What wine would you drink before you die? I ask the wine experts in Le Langhe and it’s not always expensive Barolo

Oliver Christie
Me with Oliver Christie and Fabrizio Cavalli at their Enoteca del Ponte in Grinzane Cavour, Italy. Photo by Marina Pascucci

BAROLO, Italy – The question is daunting at first – then I explain. I ask wine experts at every wine tasting I attend. It’s a simple question with an array of answers that cover the global wine spectrum.

Pretend you’re going to be executed tomorrow morning. What wine in the world do you drink tonight? 

I have never received the same answer twice. What’s most surprising is these wine experts – sommeliers, winemakers, tasting room managers – often pick affordable wines. They don’t try to impress me or anyone else.

It just shows that wine is extremely personal. Whatever you like is what you like. It’s not what you should like, by the price or winemaker. For example, I’m crazy about Cesanese, Lazio’s increasingly popular red wine that can be bought for about €10 in many places. 

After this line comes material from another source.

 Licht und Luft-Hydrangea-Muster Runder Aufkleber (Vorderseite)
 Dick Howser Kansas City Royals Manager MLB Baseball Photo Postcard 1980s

Last week I spent four days in Le Langhe, Barolo country, and visited four wineries and a wine shop. My first stop was a little wine shop down the hill from our B&B in the village of Grinzane Cavour. Enoteca del Ponte is floor to ceiling wines where Fabrizio Cavalli and Oliver Christie held court about the wine industry.

Oliver had an interesting take on wine’s appeal. It’s really not about price. It’s purely about taste.

“You’ve seen ‘Ratatouille’?” he said. “To me, it’s exactly that. The culinary director on that film is named Thomas Keller. To me, he hit the nail exactly on the head because there’s this stiff, stuck up critic who comes to the restaurant and they serve him ratatouille, a peasant’s dish. He’s transported back to his grandmother’s house. And he loves it.

“Wine and food are about sharing experiences.”

So Oliver is a good person to lead off my informal survey.

A shelf at Enoteca del Ponte. Photo by Marina Pascucci

What wine do you drink before you die?

Oliver Christie, Enoteca del Ponte, Via Garibaldi 153, Grinzane Cavour, 39-01-731-950-370, www.enotecadelponte.it, info@enotecadelponte.it.

“The last bottle before I get my head lopped off would be a 2001 Giovanni Almondo Bric Valdiana Roero. It’s just north of this (Tanaro) river. The reason behind it is I was a very young sommelier in London working in a restaurant. I took this bottle off the shelf. It had a little bit of age on it and I knew nothing about it. I asked the head sommelier, ‘Is this good?’ He said, ‘Take it home. Drink it. Do your research on it. If you like it, you buy it. If you don’t, I’ll buy it for you.’

“Well, fair enough. I went home and to me that was the wine that ignited my passion in this zone which was then the reason I met my wife and the reason I moved here.”

A 2001 Giovanni Almondo Bric Valdiana Roero: €26.

Fabrizio Cavalli at his La Terrazza wine bar in Castiglione Falletto, Italy.

Fabrizio Cavalli, Enoteca del Ponte.

“Barolo from Lorenzo Accomasso. Because of what the wine represents for me. It is a friendship and more importantly, (Lorenzo) is my mentor. I can not quantify what I have learned from him but he looks at everything through the eyes of somebody with an incredible wisdom.”

Lorenzo Accomasso Barolos average price: $273.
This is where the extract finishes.